It depends, how did you overclock it? By selecting 1600mhz in the bios or by changing the strap divider? If you just selected the 1600mhz option in bios it will probably work just fine, in the worst scenario both will work at 1333mhz if any problem arises.

Through the BIOS. I figured it would be okay just wanted to make sure, 1333mhz is fine anyway if any problems arise. Just have to decide if 16GB is worth it now.
 

fred

Member
@Ragingbatal: You may want to switch to a Radeon R9 Fury X instead of a 980Ti for VR. Asynchronous Shaders at the hardware level are going to be worth their weight in gold when it comes to VR gaming, plus it's cheaper. And I may be remembering things wrong, so I will stand to be corrected, but it's 4K performance is better just in case you go for a 4K display during the next few years.
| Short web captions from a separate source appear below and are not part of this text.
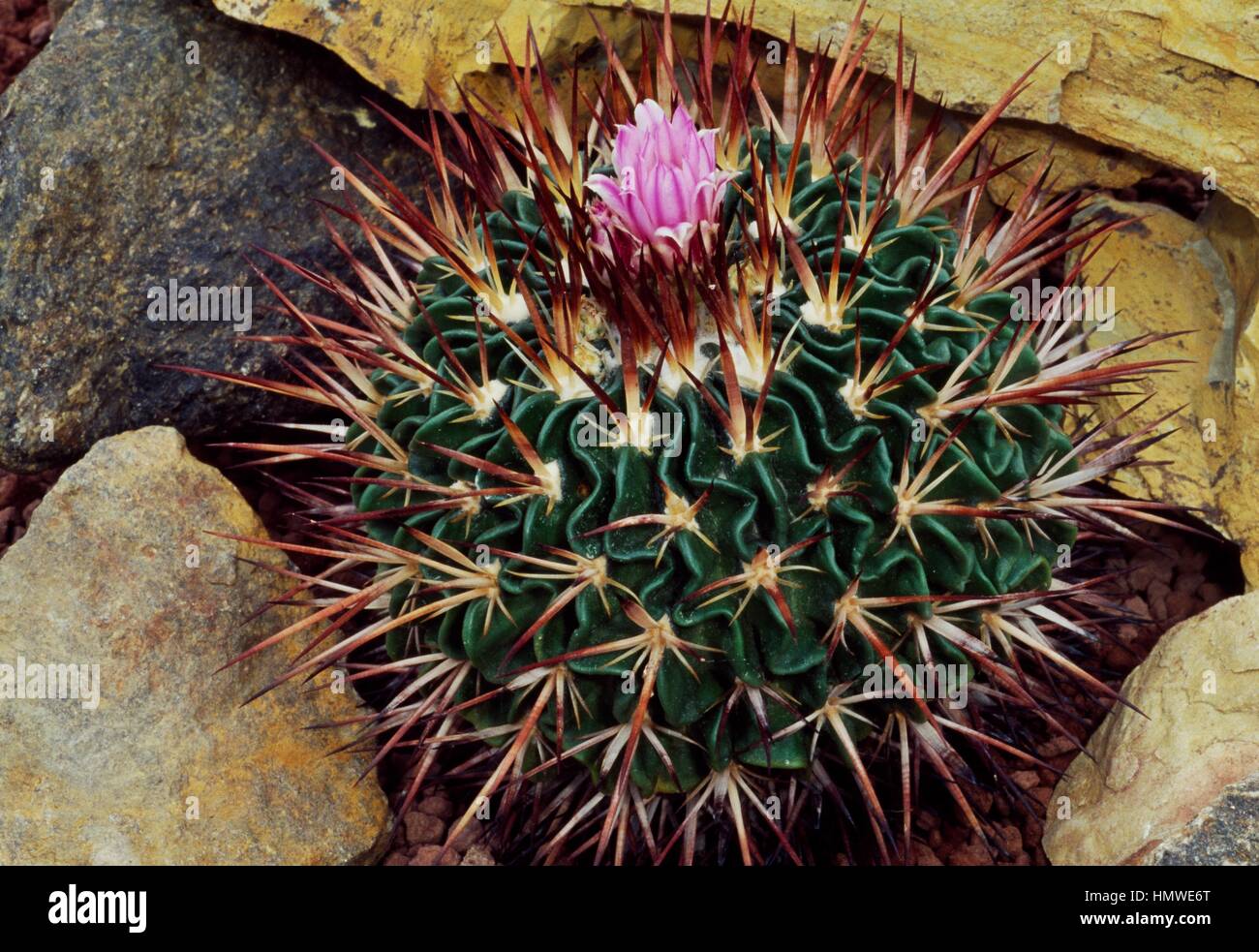 Cactus Stenocactus multicostatus (cerveau), Cactaceae. Banque D'Images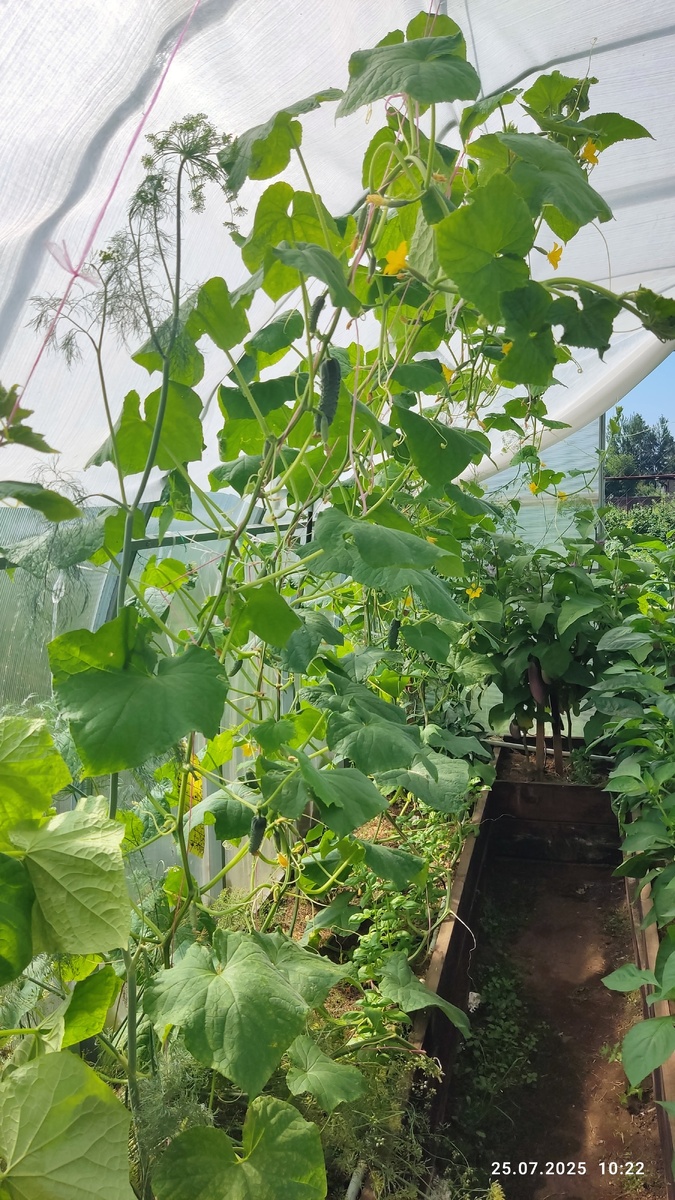 Благодаря этому способу выращивания огурцы можно выращивать даже на боковой грядке теплицы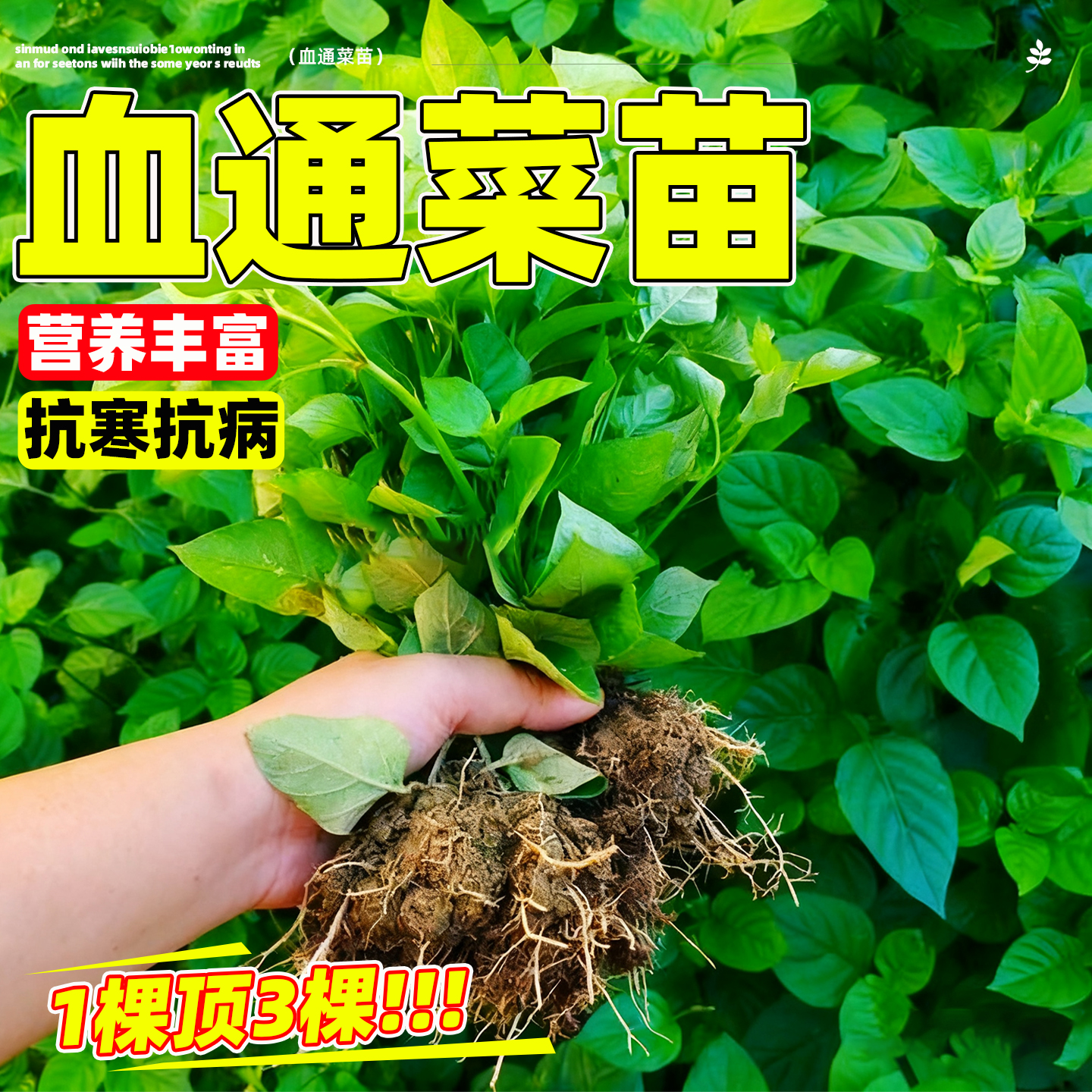 血通菜苗绿线叶宽叶十万错铁打草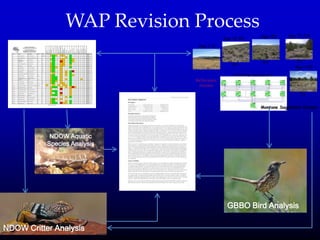 WAP Revision Process
GBBO Bird Analysis
NDOW Critter Analysis
NDOW Aquatic
Species Analysis
 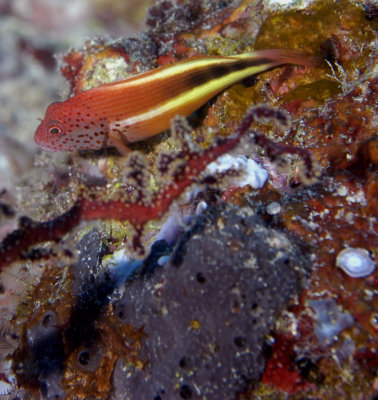 Hawksfish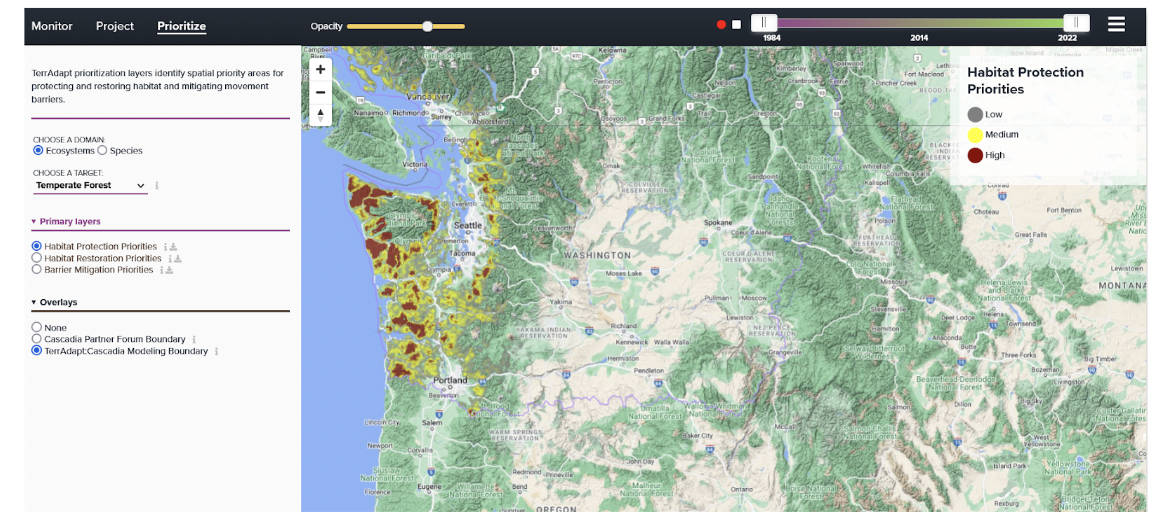 Example of TerrAdapt:Cascadia tool that utilizes Ecosystems as a domain, Habitat Protection Priorities as a primary layer, and TerrAdapt:Cascadia Modeling Boundary as an overlay. This map demonstrates the ecosystems that are most in need of protection priority in the Cascadia region.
A Fury X is top of my list when I get my GPU next year unless NVidia get off their arses and release Pascal that outperforms it for a reasonable price before then.
 

TheMink

Member
Hello, I just built my PC a few months ago, and I have been having a number of probelms that I have overcome. But this one I'm stumped, I moved houses and now it will literally not turn on. No light no nothing. I tried multiple ports, checked the power attachments on the motherboard, they all seem secure. Tried checking the actual power buttons connections and they seemed fine. And obviously I remembered the master power switch on the power supply itself.
Any suggestions??
 

Kezen

Banned
Hello, I just built my PC a few months ago, and I have been having a number of probelms that I have overcome. But this one I'm stumped, I moved houses and now it will literally not turn on. No light no nothing. I tried multiple ports, checked the power attachments on the motherboard, they all seem secure. Tried checking the actual power buttons connections and they seemed fine. And obviously I remembered the master power switch on the power supply itself.
Any suggestions??

1) Make sure it's plugged (obvious but sometimes you look for more convoluted reasons) with the proper power cord.
2) Okay, if your PSU is on and there is absolutely no light on your MB (usually there is one) then your PSU might have bitten the dust.
 

TheMink

Member
1) Make sure it's plugged (obvious but sometimes you look for more convoluted reasons) with the proper power cord.
2) Okay, if your PSU is on and there is absolutely no light on your MB (usually there is one) then your PSU might have bitten the dust.

Ahh seriously? It's brand new 😭
 
Hello, I just built my PC a few months ago, and I have been having a number of probelms that I have overcome. But this one I'm stumped, I moved houses and now it will literally not turn on. No light no nothing. I tried multiple ports, checked the power attachments on the motherboard, they all seem secure. Tried checking the actual power buttons connections and they seemed fine. And obviously I remembered the master power switch on the power supply itself.
Any suggestions??

If it worked before moving then I'm guessing something came loose.. I would go back to basics, unplug everything you don't need, just mobo/cpu/ram and psu.

You're sure that power outlet works?

I'm guessing there's something simple you are overlooking.
 

TheMink

Member
If it worked before moving then I'm guessing something came loose.. I would go back to basics, unplug everything you don't need, just mobo/cpu/ram and psu.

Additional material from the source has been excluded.